- [Work item] Please copy the lines below, exactly as they are, from the one with "Young casual bearded" through the one with "Mangata Yacht Photos", and leave out the pictures.

- [Listed entries]
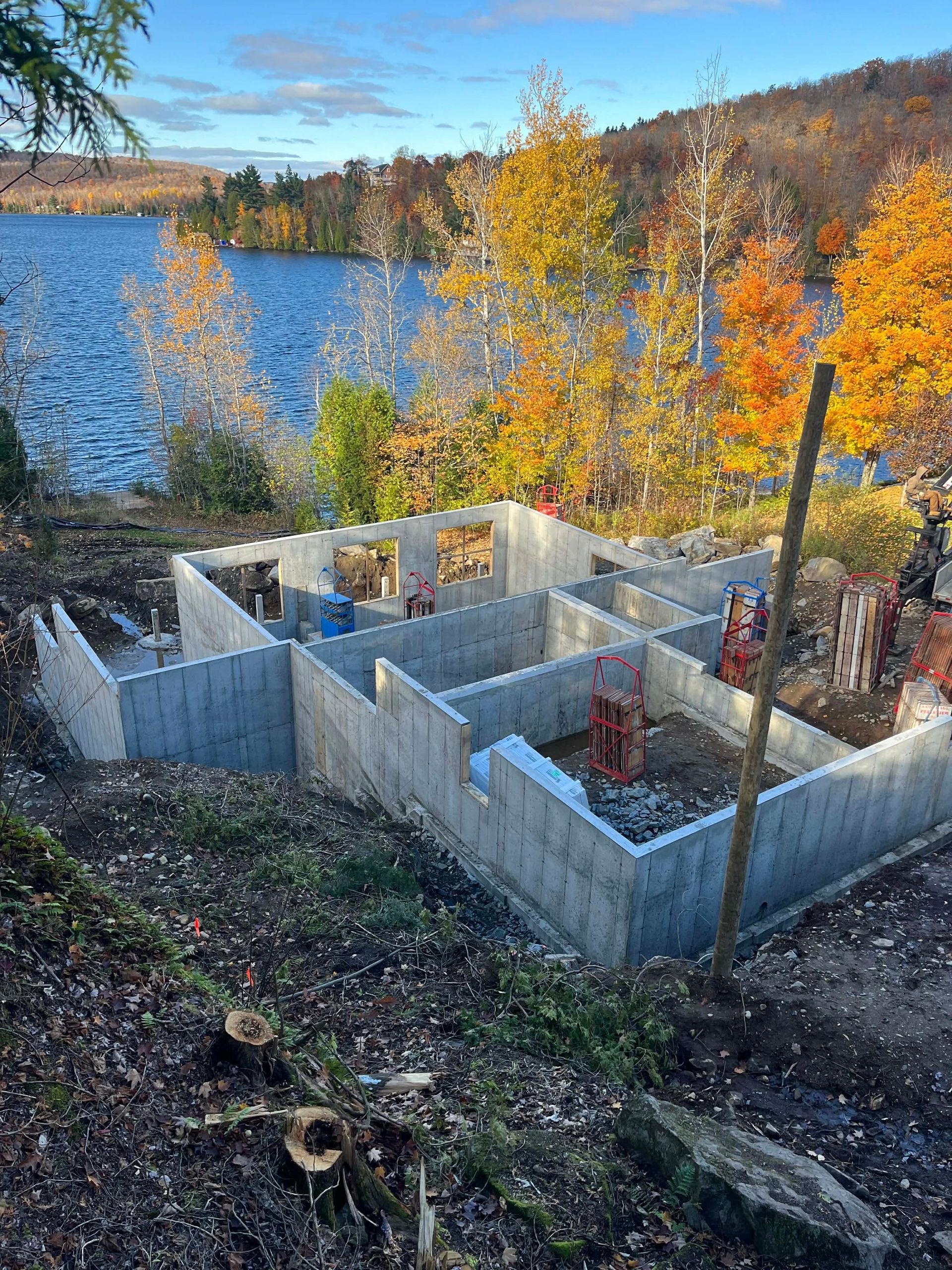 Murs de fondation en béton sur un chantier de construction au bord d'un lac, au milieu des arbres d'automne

...

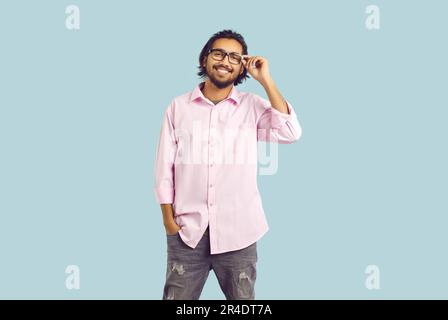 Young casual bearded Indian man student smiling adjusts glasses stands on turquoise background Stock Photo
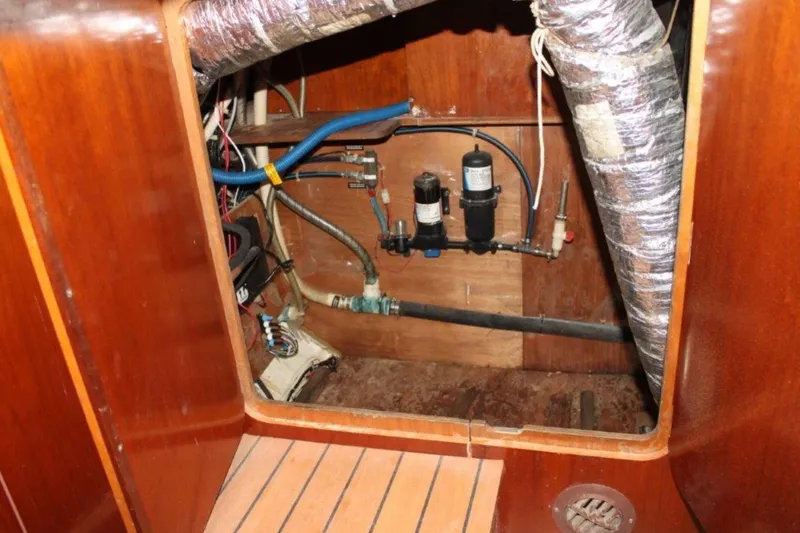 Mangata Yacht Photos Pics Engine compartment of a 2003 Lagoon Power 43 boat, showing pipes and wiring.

--

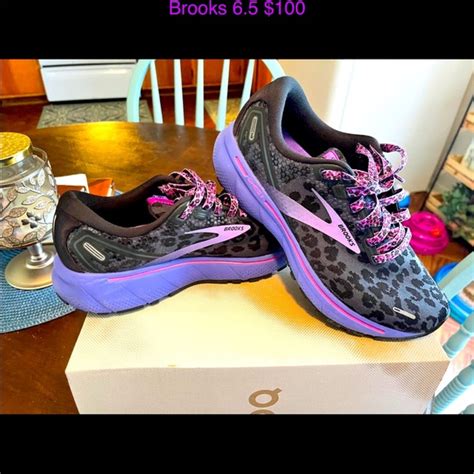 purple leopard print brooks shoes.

- [Exercise output]
 Young casual bearded Indian man student smiling adjusts glasses stands on turquoise background Stock Photo
 Mangata Yacht Photos Pics Engine compartment of a 2003 Lagoon Power 43 boat, showing pipes and wiring.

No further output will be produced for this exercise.